In the weeks leading up to the filing of MP3Board’s original lawsuit, the RIAA had been sending cease-and-desist letters to the company, Rothken said. In those letters, the RIAA reportedly claimed that the site--which provides both aggregated, stationary links and searchable links that direct users to copyright-protected music housed on third-party websites--was providing an illegal service and was knowingly helping to facilitate copyright-infringement violations by its users.

“We don’t think linking [from our site to copyrighted MP3 files on third-party sites] is enough to have a copyright-infringement [case], otherwise all the search engines [on the Internet] would be breaking the law,” said Rothken. “You can go to any search engine and type in ‘Madonna’ and get a similar result.”

The RIAA disagrees, and on June 23 answered MP3Board’s opening salvo by filing a copyright-infringement lawsuit--similar to one it filed earlier this year against Napster--against MP3Board.

In its suit, the RIAA alleges that, as evidence that MP3Board knowingly violated copyright laws, the site “actually created a genre called ‘Legal MP3s’--an explicit admission that the remaining material on the site is illegal.
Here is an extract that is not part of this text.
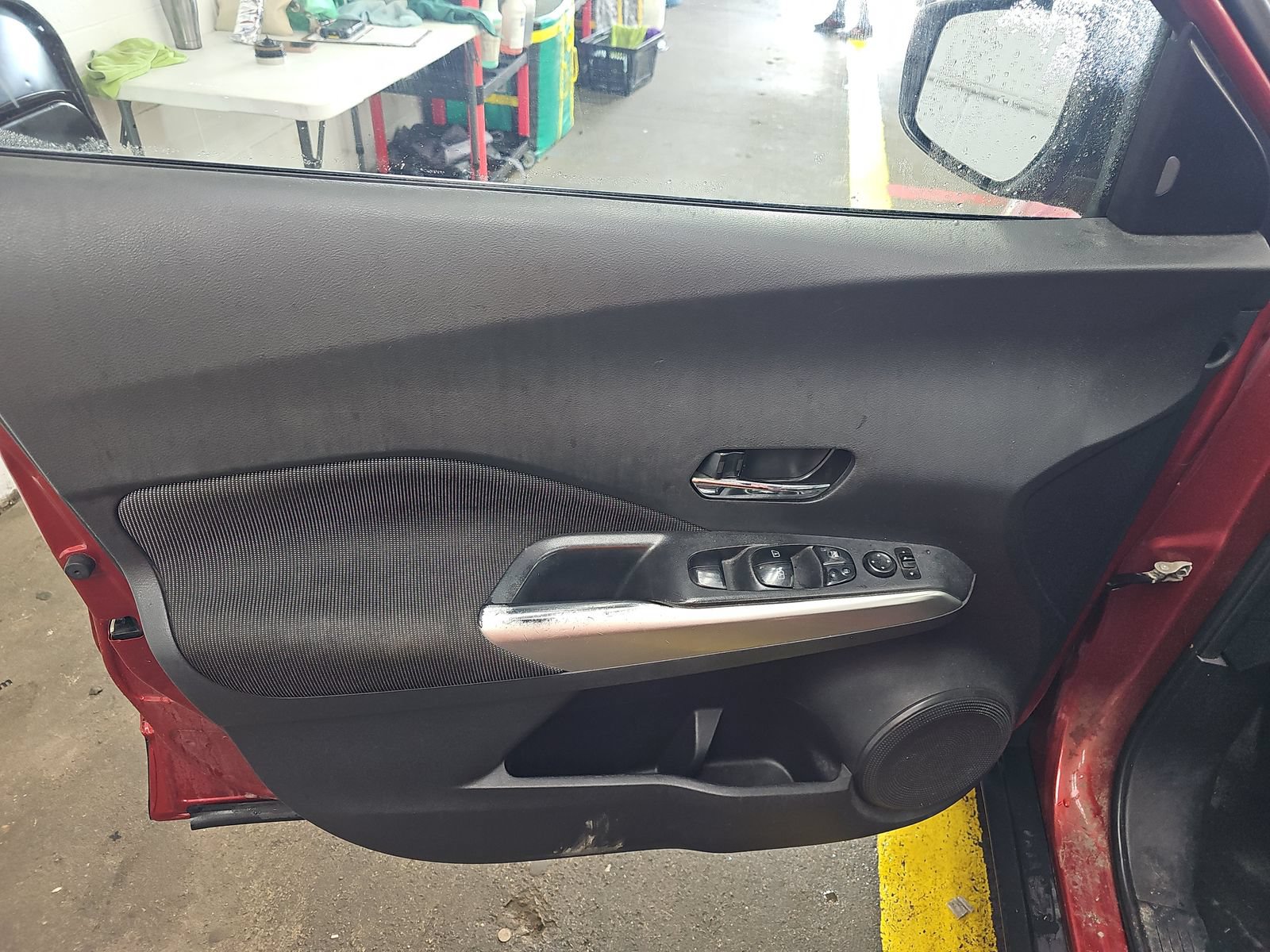 Used 2019 Nissan Kicks SV FWD image 14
In addition, many of the links that [MP3Board] posts, on their face, evidence that the music is pirated, including such names as ‘SuperIllegalMP3z,’ ‘Free Illegal MP3 Files Direct Download’ and ‘The Biggest Archive of Illegal MP3 Flz.’”

Because the RIAA filed its suit in a Federal District Court in New York City rather than in the California court where MP3Board filed its initial action, the two suits are considered to be separate matters. Thus, MP3Board responded on Tuesday (7/19) to the RIAA’s copyright-infringement suit by filing a counter-suit--identical to the suit it filed last month in California--in New York.

The two companies are now involved in a legal tug-of-war to determine whether their imminent court battle will take place in New York or California.

Meanwhile, in an effort to wholly remove from itself any onus of responsibility for providing its users with access to copyrighted works, MP3Board has announced plans to unveil “digital rights technology,” an automated process that it says will allow copyright owners to identify works that they own on sites such as MP3Board and to electronically submit a legal request that those works be removed from the site.

“The burden shifts right back to the one who rightly deserves it--namely, the copyright owners--to police their own content on the Internet,” said Rothken. “It demonstrates another valid purpose for indexing systems like MP3Board: to help people police their content on the Internet.”

The unveiling of the new technology is expected to take place within the next week, according to Rothken.

MP3Board CEO Lars Mapstead in a prepared statement issued on Tuesday (7/19) said that the “new digital rights technology … will assist copyright owners, like the RIAA's members, in automating the link searching and removal process, while reducing the burden on automated indexing systems like MP3Board.com. … No longer will crates of paper affidavits be required like in the Napster-Metallica situation.”

Mapstead added that the new technology will initially be offered exclusively on MP3Board’s site, but would later be made available for use elsewhere on the Internet.